Transcribe the data below exactly, but only from the line containing "Gustavo Puerta festeja" through its final line, both included.
*** Opening Record set ***
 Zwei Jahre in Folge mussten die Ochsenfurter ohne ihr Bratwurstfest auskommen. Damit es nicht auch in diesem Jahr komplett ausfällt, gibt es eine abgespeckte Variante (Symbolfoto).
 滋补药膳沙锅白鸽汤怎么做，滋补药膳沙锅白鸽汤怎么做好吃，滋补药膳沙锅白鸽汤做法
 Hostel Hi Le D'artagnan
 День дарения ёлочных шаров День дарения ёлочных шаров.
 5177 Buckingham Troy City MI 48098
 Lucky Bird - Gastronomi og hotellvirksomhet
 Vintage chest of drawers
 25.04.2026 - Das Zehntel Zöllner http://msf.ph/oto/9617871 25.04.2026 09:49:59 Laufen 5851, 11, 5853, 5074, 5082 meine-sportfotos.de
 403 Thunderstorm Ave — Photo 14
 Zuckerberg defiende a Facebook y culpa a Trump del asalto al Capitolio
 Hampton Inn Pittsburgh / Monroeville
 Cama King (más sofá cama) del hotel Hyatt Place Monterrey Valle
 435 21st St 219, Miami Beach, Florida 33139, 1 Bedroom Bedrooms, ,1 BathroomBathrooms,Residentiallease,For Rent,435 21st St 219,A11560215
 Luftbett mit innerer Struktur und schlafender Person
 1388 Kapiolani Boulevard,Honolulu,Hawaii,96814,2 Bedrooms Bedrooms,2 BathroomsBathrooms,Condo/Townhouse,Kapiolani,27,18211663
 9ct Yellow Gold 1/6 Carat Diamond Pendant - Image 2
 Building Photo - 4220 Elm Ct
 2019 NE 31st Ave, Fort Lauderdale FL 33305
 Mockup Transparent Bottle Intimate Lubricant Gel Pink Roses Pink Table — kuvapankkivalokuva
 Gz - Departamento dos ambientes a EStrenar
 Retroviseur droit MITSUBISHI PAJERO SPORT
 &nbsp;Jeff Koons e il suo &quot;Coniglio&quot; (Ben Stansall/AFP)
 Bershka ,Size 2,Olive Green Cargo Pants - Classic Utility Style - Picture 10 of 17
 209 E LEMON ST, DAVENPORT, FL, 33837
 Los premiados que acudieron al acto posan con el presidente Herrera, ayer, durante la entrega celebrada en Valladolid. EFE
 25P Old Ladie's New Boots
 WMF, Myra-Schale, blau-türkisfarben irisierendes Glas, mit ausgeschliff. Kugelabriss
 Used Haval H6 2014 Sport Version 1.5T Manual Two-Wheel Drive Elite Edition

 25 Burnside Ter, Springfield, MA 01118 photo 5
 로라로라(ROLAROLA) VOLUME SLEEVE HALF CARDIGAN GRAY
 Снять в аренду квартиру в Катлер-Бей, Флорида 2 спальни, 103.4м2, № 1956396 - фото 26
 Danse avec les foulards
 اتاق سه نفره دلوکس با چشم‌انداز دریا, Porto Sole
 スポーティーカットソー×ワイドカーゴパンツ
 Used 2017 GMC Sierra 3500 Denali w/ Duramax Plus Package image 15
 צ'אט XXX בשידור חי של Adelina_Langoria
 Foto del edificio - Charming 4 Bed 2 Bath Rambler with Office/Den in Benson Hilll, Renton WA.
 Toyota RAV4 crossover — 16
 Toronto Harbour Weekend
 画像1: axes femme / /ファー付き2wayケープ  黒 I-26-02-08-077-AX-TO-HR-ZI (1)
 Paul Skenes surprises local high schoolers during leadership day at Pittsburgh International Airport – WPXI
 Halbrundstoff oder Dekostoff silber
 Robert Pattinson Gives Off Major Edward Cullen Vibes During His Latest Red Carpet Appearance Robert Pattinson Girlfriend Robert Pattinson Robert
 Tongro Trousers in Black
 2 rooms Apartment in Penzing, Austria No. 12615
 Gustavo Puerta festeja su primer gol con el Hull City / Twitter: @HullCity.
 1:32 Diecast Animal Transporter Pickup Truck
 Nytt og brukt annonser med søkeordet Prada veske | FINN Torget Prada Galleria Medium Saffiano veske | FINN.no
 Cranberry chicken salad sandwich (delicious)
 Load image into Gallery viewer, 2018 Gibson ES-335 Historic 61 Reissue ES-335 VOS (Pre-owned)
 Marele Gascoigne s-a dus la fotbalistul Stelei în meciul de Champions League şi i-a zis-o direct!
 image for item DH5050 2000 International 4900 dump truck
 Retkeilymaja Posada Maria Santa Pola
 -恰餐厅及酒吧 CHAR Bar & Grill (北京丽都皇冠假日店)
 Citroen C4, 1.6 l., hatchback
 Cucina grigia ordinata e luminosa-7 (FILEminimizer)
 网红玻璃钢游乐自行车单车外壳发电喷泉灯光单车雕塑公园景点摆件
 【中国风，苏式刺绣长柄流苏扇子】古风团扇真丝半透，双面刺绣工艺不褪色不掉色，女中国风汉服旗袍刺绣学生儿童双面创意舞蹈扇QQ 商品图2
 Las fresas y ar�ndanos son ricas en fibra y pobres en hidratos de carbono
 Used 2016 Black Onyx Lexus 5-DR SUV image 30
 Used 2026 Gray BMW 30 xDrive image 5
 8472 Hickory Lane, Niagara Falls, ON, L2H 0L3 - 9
*** Closing Record set ***
* Solution *
 Gustavo Puerta festeja su primer gol con el Hull City / Twitter: @HullCity.
 1:32 Diecast Animal Transporter Pickup Truck
 Nytt og brukt annonser med søkeordet Prada veske | FINN Torget Prada Galleria Medium Saffiano veske | FINN.no
 Cranberry chicken salad sandwich (delicious)
 Load image into Gallery viewer, 2018 Gibson ES-335 Historic 61 Reissue ES-335 VOS (Pre-owned)
 Marele Gascoigne s-a dus la fotbalistul Stelei în meciul de Champions League şi i-a zis-o direct!
 image for item DH5050 2000 International 4900 dump truck
 Retkeilymaja Posada Maria Santa Pola
 -恰餐厅及酒吧 CHAR Bar & Grill (北京丽都皇冠假日店)
 Citroen C4, 1.6 l., hatchback
 Cucina grigia ordinata e luminosa-7 (FILEminimizer)
 网红玻璃钢游乐自行车单车外壳发电喷泉灯光单车雕塑公园景点摆件
 【中国风，苏式刺绣长柄流苏扇子】古风团扇真丝半透，双面刺绣工艺不褪色不掉色，女中国风汉服旗袍刺绣学生儿童双面创意舞蹈扇QQ 商品图2
 Las fresas y ar�ndanos son ricas en fibra y pobres en hidratos de carbono
 Used 2016 Black Onyx Lexus 5-DR SUV image 30
 Used 2026 Gray BMW 30 xDrive image 5
 8472 Hickory Lane, Niagara Falls, ON, L2H 0L3 - 9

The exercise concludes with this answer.